You can load an object if you know its key. If loading the object fails, this will raise a Riak::FailedRequest error with the not_found? flag set.

bucket['S. S. Boatname']
bucket.get 'S. S. Boatname'

If you want to load or create an object with a given key, you can use Bucket#get_or_new to do it:

bucket.get_or_new 'Revenge of Boatname'

Loading Many Objects

Sometimes, you need to load a lot of objects in preparation for aggregation or another operation. The multi-get functionality allows you to use a nested Array of [Bucket, String<key>] identifiers (“pairs”) to load objects using multiple worker threads.

The array of pairs should be structured like this:

pairs = [
    [bucket, 'S. S. Boatname'],
    [bucket, 'Son of Boatname'],
    [bucket, 'Revenge of Boatname'],
]

The Riak::Client#get_many and Riak::Multiget.get_all class methods simply return the hash of pair to RObject instances:

# equivalent
results = client.get_many pairs
results = Riak::Multiget.get_all client, pairs

If you want to kick off a multiget operation and perform some other operations while it proceeds, use an instance of the Riak::Multiget class.

mg = Riak::Multiget.new client, pairs
mg.fetch
puts "Loading... Please wait..."
results = mg.results

Manipulating and Storing Objects

Raw Data, No Serialization

Use the RObject#raw_data accessors to manipulate the raw blob/string that represents the value of a Riak object. The client will not transform or parse this data.

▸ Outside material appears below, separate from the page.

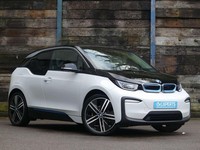 2021 BMW i3 i3 5dr Hatchback Electric Automatic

robject.content_type = 'image/jpeg'
robject.raw_data = File.read 'cat.jpg'
robject.store

Serializing and Deserializing Data

Frequently, you’ll store objects you want to be serialized and deserialized for you. Set an appropriate content-type and use the #data accessors:

robject.content_type = 'application/json'
robject.data = {
    processor: 'MSP-430',
    sensors: %w{range binocular video},
    motor: "trolling motor",
    length: 137.16
}
robject.store # serializes the Ruby hash to JSON
robject.raw_data #=> "{\"processor\": \"MSP-430\"...
robject.data #=> {"processor" => "MSP-430",...

Out of the box, the Ruby client supports serializing and deserializing these content-types:

text/plain: string data only
application/json: uses MultiJson
application/x-ruby-marshal: uses Marshal in the Ruby core
text/yaml, text/x-yaml, application/yaml, application/x-yaml: use YAML in the Ruby standard library.

Deleting Objects

Objects can be deleted two different ways: the delete method on RObject instances, or the delete method on Bucket instances.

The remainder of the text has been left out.